# Winter Blast 12/30



## bcahn (Jan 10, 2013)

Morning all,
Decided to brave the cold and head out Saturday morning to a strong North flow with 1-3 ft seas. Launched at Hurlburt around 7, made bait at the bridge rubble and headed south. We planned to target only grouper so live bait was crucial. Hit a few spots 18 miles straight south from destin. First drop, 2 hook ups both break offs.  Move a few miles west and landed a 36" AJ. This guy kicked our butt! Successful release and off to another spot. Surfaced a 150 lb plus bull shark that wore me down. Moved again to our final area where the winds died down and seas followed. :yes:
My wife drops and immediately gets nailed, game on. The fish rocked her and she had to give up the rig. We backed down and gave him slack, then he made another run. Pullin this guy felt like a 5 gallon buck coming up. Red Grouper at 20#. :thumbup:
Made several drifts with 2 more reds in the box. Great day on the water with friends and family. Smooth ride in with a clear skyline. 
Awesome way to end 2017! :notworthy:


----------



## OHenry (Apr 28, 2011)

Very nice! Congrats


----------



## bigrick (Sep 29, 2010)

release?


----------



## Team Kaos (Jun 21, 2017)

bigrick said:


> release?


I certainly hope not. Nice catch and great eating!!


----------



## bcahn (Jan 10, 2013)

Yea, i thought AJs were out of season in DEC, did I miss something?


----------



## bigrick (Sep 29, 2010)

Thought you meant the fish in the picture. We got our butts whooped by some AJs Saturday too. Lost every vertical jig in the boat.


----------



## lobsterman (Sep 30, 2007)

Winter fishing is always a blast!


----------



## bcahn (Jan 10, 2013)

*Worried*



bigrick said:


> Thought you meant the fish in the picture. We got our butts whooped by some AJs Saturday too. Lost every vertical jig in the boat.

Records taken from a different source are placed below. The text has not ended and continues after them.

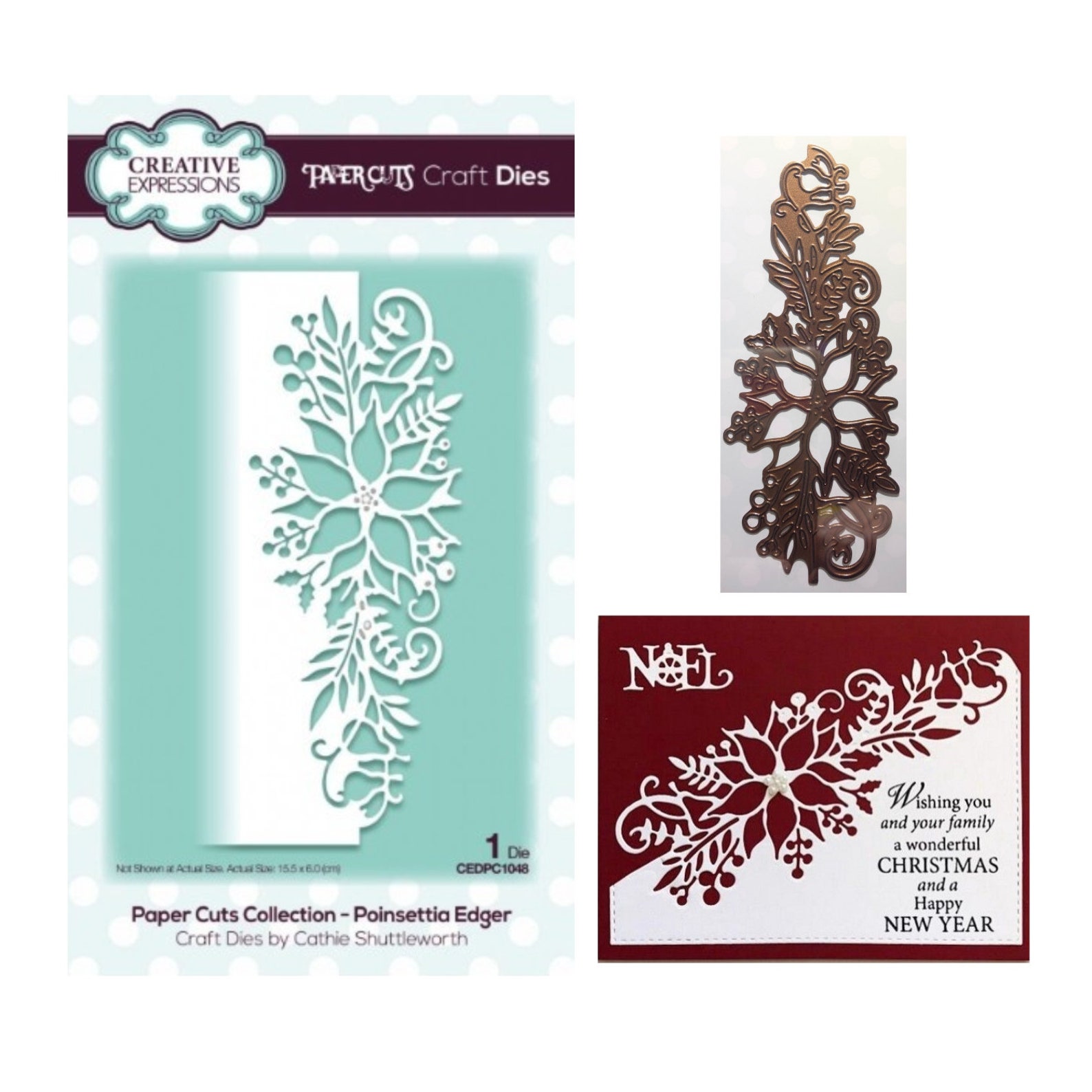 Christmas Metal Die Cut Poinsettia Edger Border Cutting Dies Etsy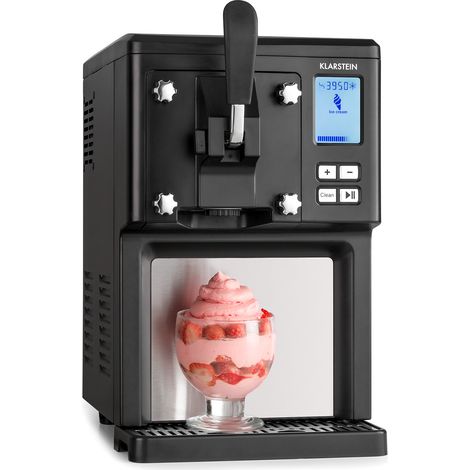 Klarstein Machine à glace italienne - Turbine à glace - Machine à crème glacée 200W avec compresseur 1,5L - Sorbetière - pour 900g de glace - design inox - Noir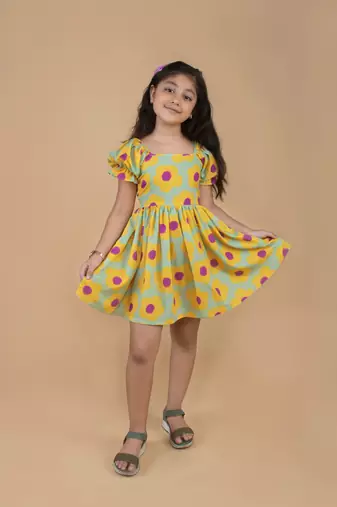 Yellow sunflower holiday Half sleeve frock for girls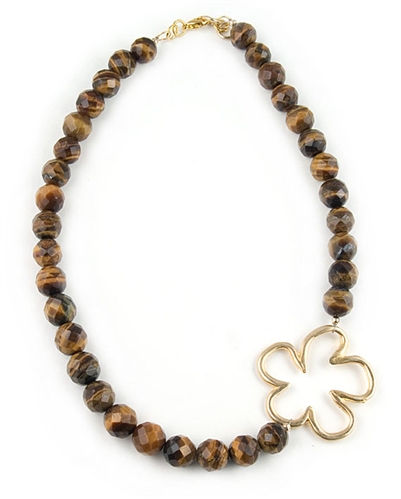 Tiger Eye Semi Precious Necklace with Gold Flower by Chou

Oh gotcha, man I thought I threw back a legal fish. That sucker took us down hard! I purposely didn't jig just to avoid them. My buddy caught him on the bottom with a ruby red with nothing showing on the screen.


----------



## BIGDUCK (Jun 15, 2017)

Well done !


----------



## SH27GameFish (Jul 4, 2014)

nice , maybe I can get my boat off the lift next week , super low tides are killing me


----------



## bcahn (Jan 10, 2013)

*Horrible*



SH27GameFish said:


> nice , maybe I can get my boat off the lift next week , super low tides are killing me


Man that sucks, hope you can get out soon, winter fishing is a blast!


----------